Retype the records word for word. Skip every image.

[Saved entries]
Segment Open
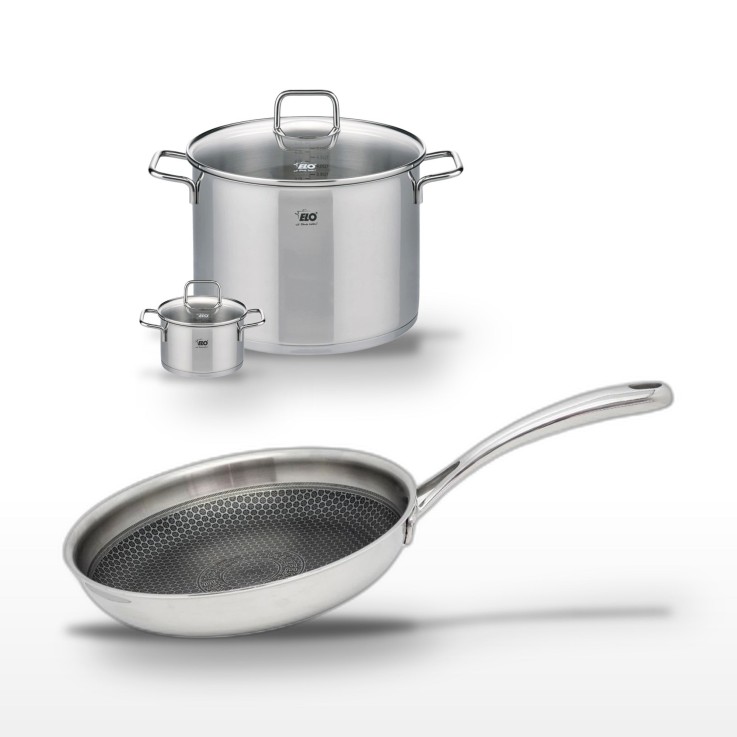 Batterie de cuisine Relief Evolution en inox - 28 cm - faitouts 12/26 cm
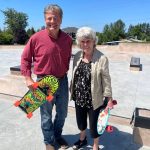 King County Councilmember Reagan Dunn and Black Diamond Mayor Carol Benson at the newly completed Black Diamond Skatepark. Submitted photo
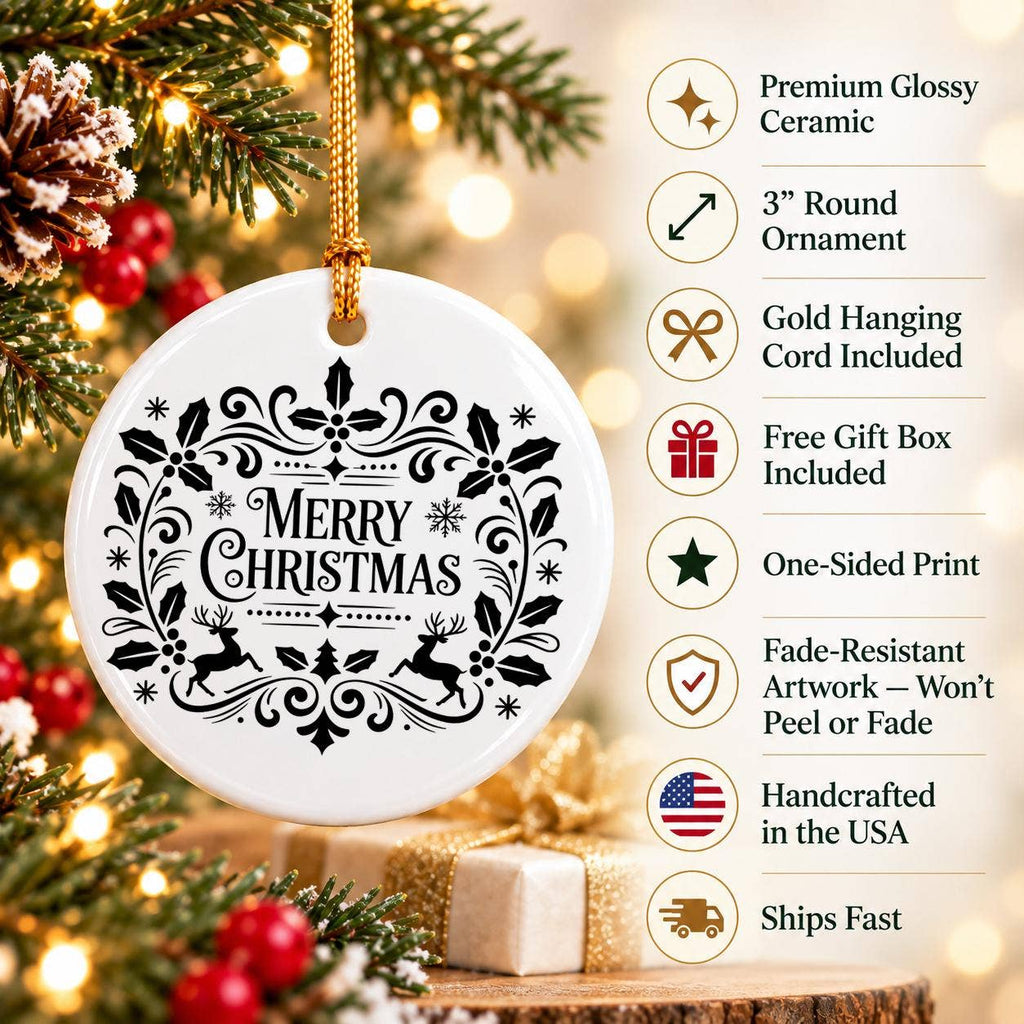 Merry Christmas Ceramic Ornament with Gift Box
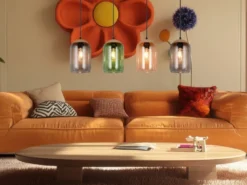 Pendelleuchte CORK, Lampenschirme bunt aus recyceltem Glas, Breite 90cm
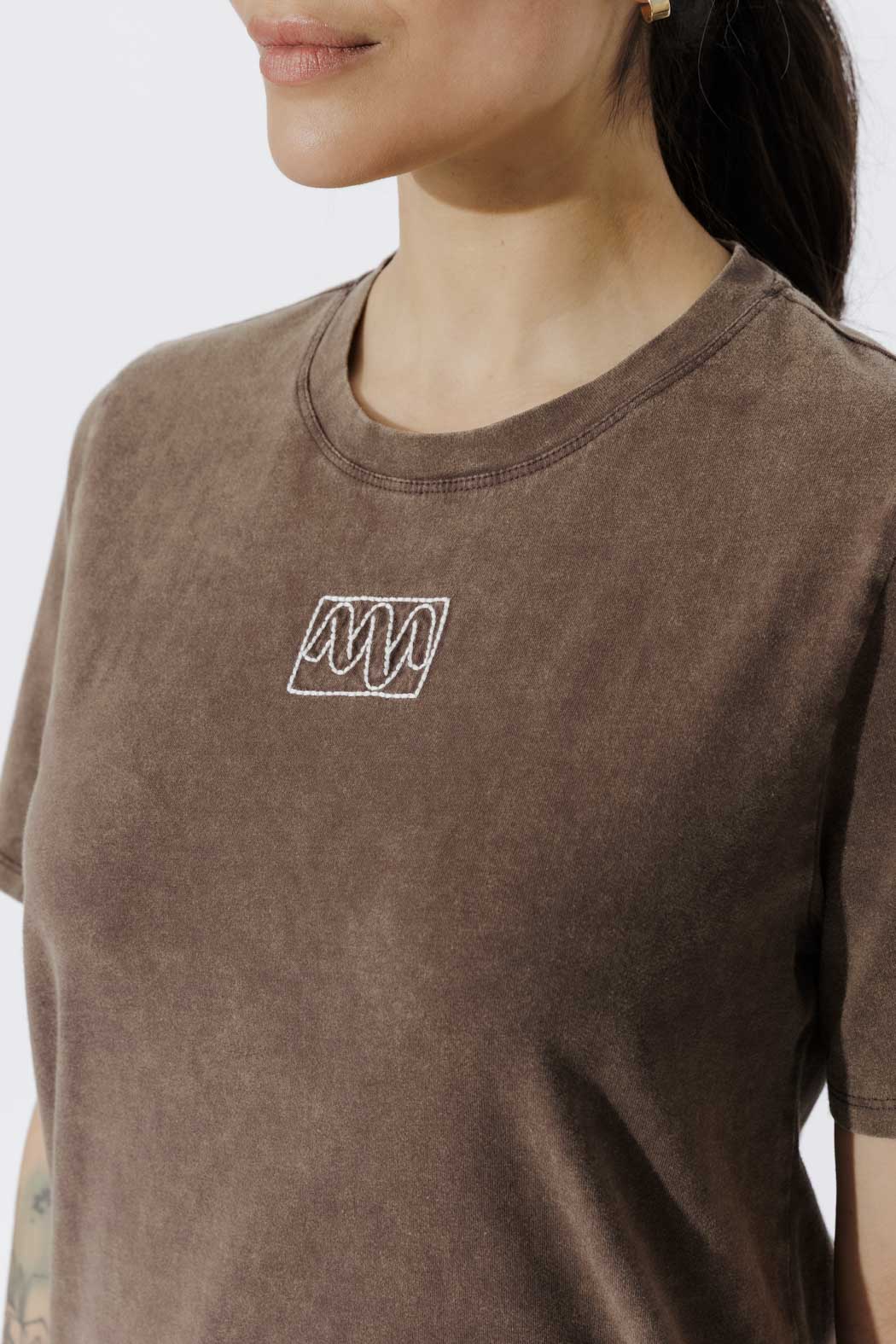 Mocha Washed Cotton Emblem T-Shirt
Segment Closed
__Solved problem__:
 Batterie de cuisine Relief Evolution en inox - 28 cm - faitouts 12/26 cm
 King County Councilmember Reagan Dunn and Black Diamond Mayor Carol Benson at the newly completed Black Diamond Skatepark. Submitted photo
 Merry Christmas Ceramic Ornament with Gift Box
 Pendelleuchte CORK, Lampenschirme bunt aus recyceltem Glas, Breite 90cm
 Mocha Washed Cotton Emblem T-Shirt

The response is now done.